Siddarth Ijju

Advanced Generative AI (Vision Series): ProGAN

Introduction

In my previous article, I covered the Vector Quantized Variational Auto Encoder, or the VQ-VAE. In line with my previous series, this time we’ll cover an advanced generative AI model that falls into the family of Generative Adversarial Networks - otherwise known as GANs.
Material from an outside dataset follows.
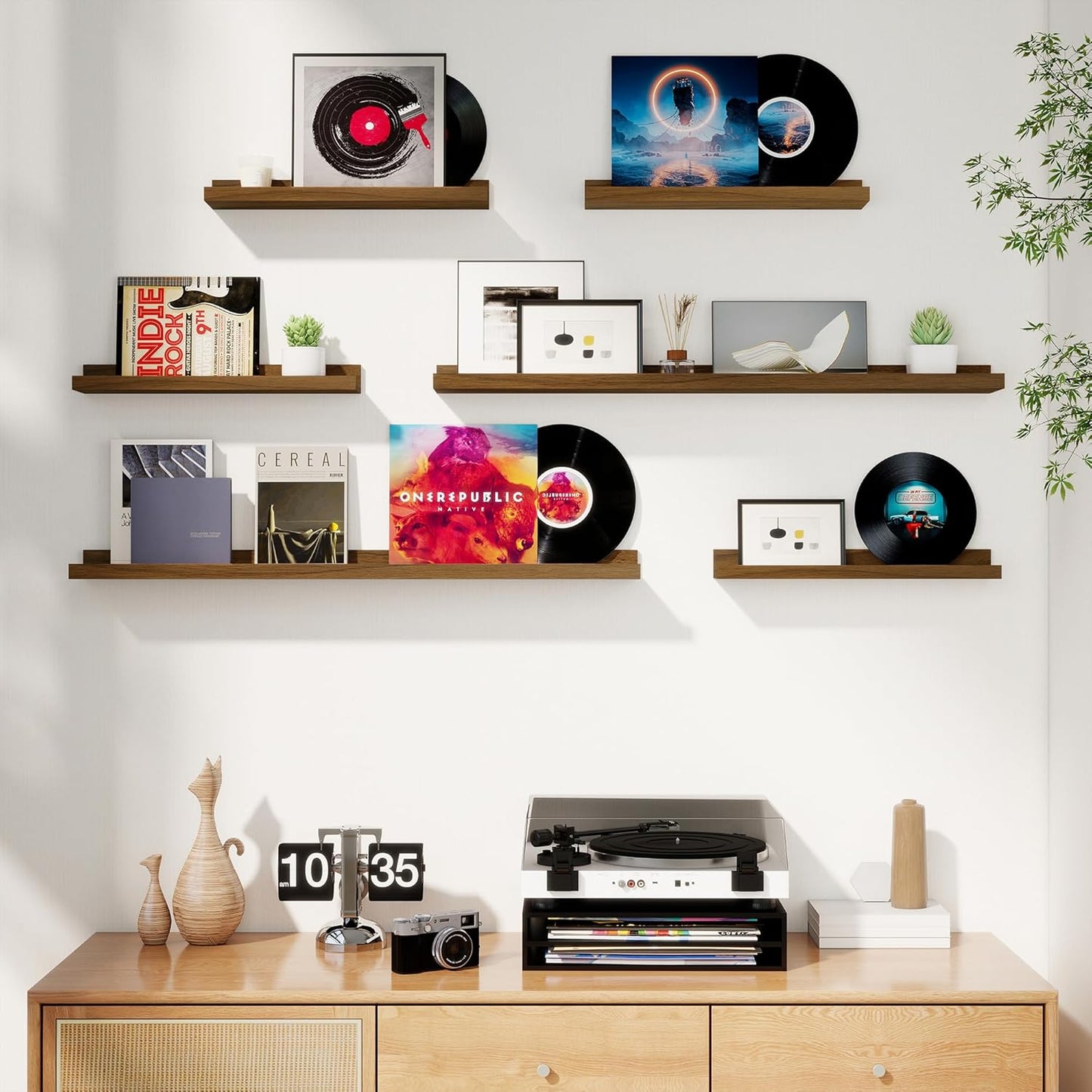 Axeman Picture Ledge Shelf, Floating Shelves for Wall Decor Storage Set of 6, 48 inch Floating Wall Mounted Shelves, Wall Shelves with Lip for Living Room, Bedroom, Nursery, Bathroom, Kitchen, Walnut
This article explores an extension to the traditional GAN known as the Progressive GAN or ProGAN. The ProGAN uses a progressive structure in the generator and discriminator that allows for the generation of images with much higher resolution and detail than previous architectures.

ProGAN

The ProGAN follows the GAN by roughly 4 years, and relies heavily on top of the fundamental backbone of the GAN. If you’d like a review of the concepts behind the GAN, you can check out my earlier article here - for this article I’ll only provide a quick review before going through the theory. In those 5 years, a lot of research had been done on GANs but training was still largely unstable and limited by output size.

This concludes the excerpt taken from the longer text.